Melody wouldn't settle.
Amy rocked her and sang to her and tried to remember the bedtime stories she had once told to calm her daughter - a lifetime ago - but all in vein. Melody just cried in her mothers arms, and Amy's heart carried on breaking.
They'd left the books in the house. Her and Rory, neither of them had even thought.
Books. A small comfort. In a world that had been yet to go to hell.
It wouldn't have hurt to pick up a few, before they'd hit the road.
"We can't keep doing this." Amy whispered, voice hoarse. Rory looked over at her from across the fire, frowning.
"Doing what?"
"This. Running towards nothing."
"There's nothing else we can do."
"We can try."
Rory said nothing. Sat and watched his wife for a while. Her red hair was mussed and pulled back in a tangled ponytail, her brown eyes seemed to have sunken and she was pale and thin and drained.
He remembered a time, not that long ago, when there had been a point. A point of surviving. Before the sky had burned and the stars had died and the earthquakes devastated every point of the earth and there had been life. When there were cars and people and streets and shops and food and no threat of an apocalypse.
Melody would never know that world. All she would now was death and destruction and fear and isolation. Amy had been seven months pregnant when it had started. When they packed and left.
Sure, they had survived the apocalypse, travelled half the damn world in the process, but now what? How long until the solar flares changed course? How long until the food ran out?
"Maybe there's other people out there. We can't be the only ones who upped and left as soon as it started." Rory offered, twisting his wedding ring around his finger.
Amy weighed him down with her tired eyes but didn't answer. Standing up, she tucked Melody into the rickety plastic cot and unrolled her own dusty sleeping bag. Turning once more to her husband, she spoke.
"If there are others out there, it's about bloody time we found them."
Rory couldn't help smiling slightly. "Now you sound like you." Joining her, he wrapped his arms around her and pressed an affectionate kiss to her forehead. Amy buried her face in his shoulder, a soft moan escaping her.
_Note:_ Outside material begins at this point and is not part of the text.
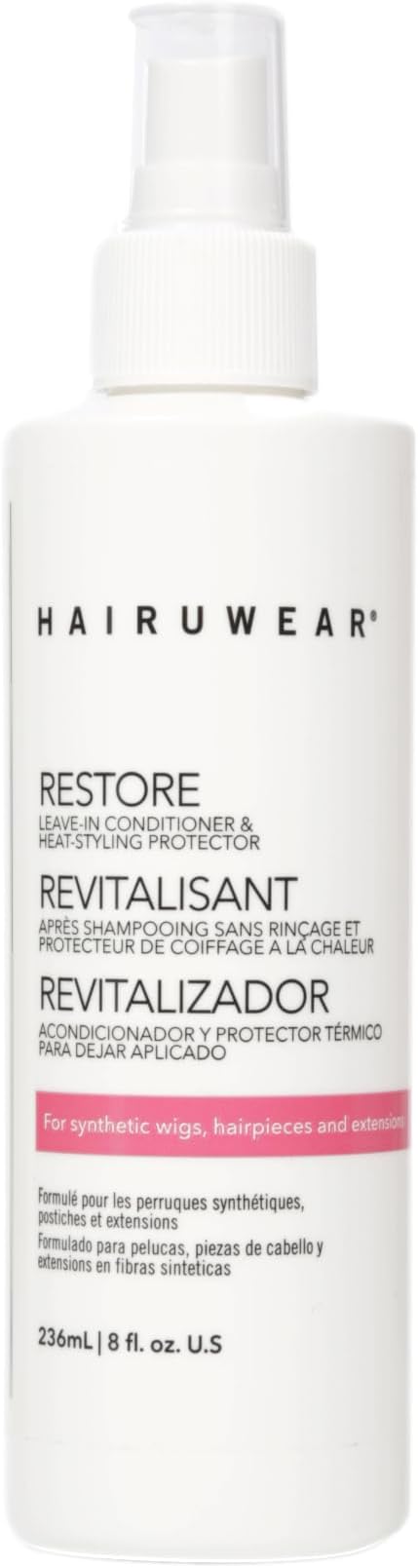 Hairuwear Restore Leave in Conditioner For Synthetic Wigs and Extensions, 8 Fl. Oz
"Why did this happen, Rory? Why now?" She whispered, tears slipping down her cheeks.
Chin rested on top of Amy's head, gazing sadly at their sleeping daughter - so young, far too young to be living in such a harsh world - Rory sighed. "I wish I knew."


John + Clara

"They're getting closer."
"What?"
"The solar flares."
"Oh, right. How can you tell?"
Clara shuffled closer to him, gaze following where his hand was pointing. Above them, a haze of gold rippled for a few seconds then disappeared, leaving warm air in its wake.
"There. Disturbances in the sky." John sighed and let his arm fall. "Not long now, Clara."
The couple lay on the roof of the old, battered car that John was so fond of, staring up at the early morning sky. Clara couldn't help noticing how close the Sun now was.
"You once asked me to show you the stars." John turned to her, playing with her hair.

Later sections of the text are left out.